Segment Start: PROVIDED DATA
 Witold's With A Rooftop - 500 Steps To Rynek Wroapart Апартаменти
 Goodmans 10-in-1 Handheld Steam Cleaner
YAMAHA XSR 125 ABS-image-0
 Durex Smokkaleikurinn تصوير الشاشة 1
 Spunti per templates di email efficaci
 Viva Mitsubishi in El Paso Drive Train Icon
Segment End: PROVIDED DATA
Segment Start: PROVIDED DATA
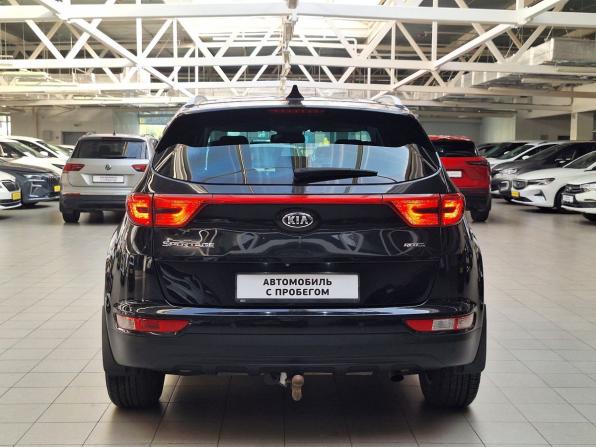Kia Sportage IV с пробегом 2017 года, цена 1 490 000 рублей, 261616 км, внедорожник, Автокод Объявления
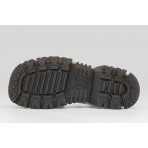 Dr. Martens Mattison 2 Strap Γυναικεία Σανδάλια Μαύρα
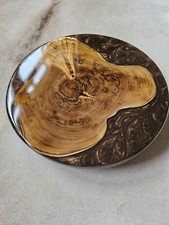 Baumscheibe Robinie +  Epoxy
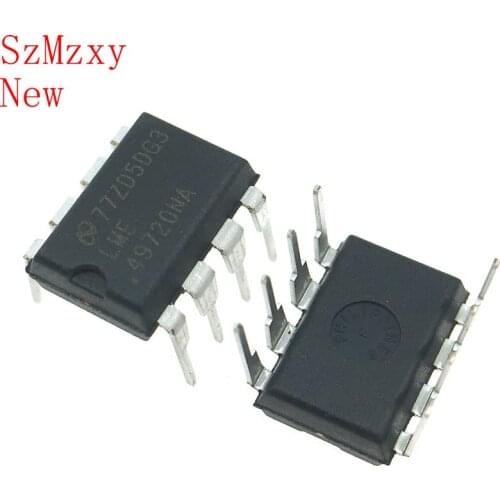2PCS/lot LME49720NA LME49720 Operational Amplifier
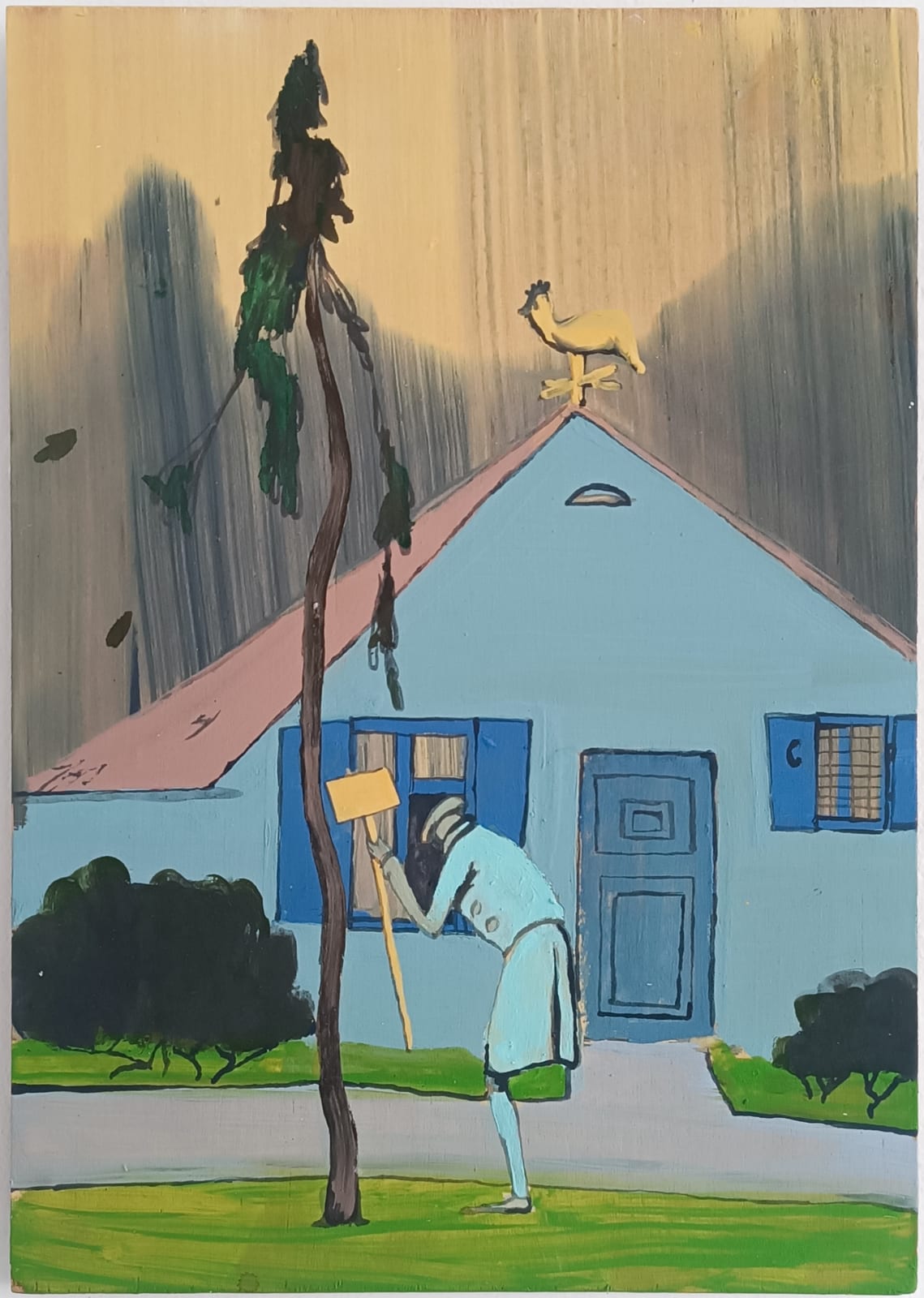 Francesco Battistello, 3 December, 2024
Segment End: PROVIDED DATA
> WHAT YOU NEED TO DO: Give back precisely the lines above that start at the line containing "Spunti per templates di email efficaci" and end at the line containing "Viva Mitsubishi in El Paso Drive Train Icon", inclusive. No other lines belong in the output.

> RESPONSE:
 Spunti per templates di email efficaci
 Viva Mitsubishi in El Paso Drive Train Icon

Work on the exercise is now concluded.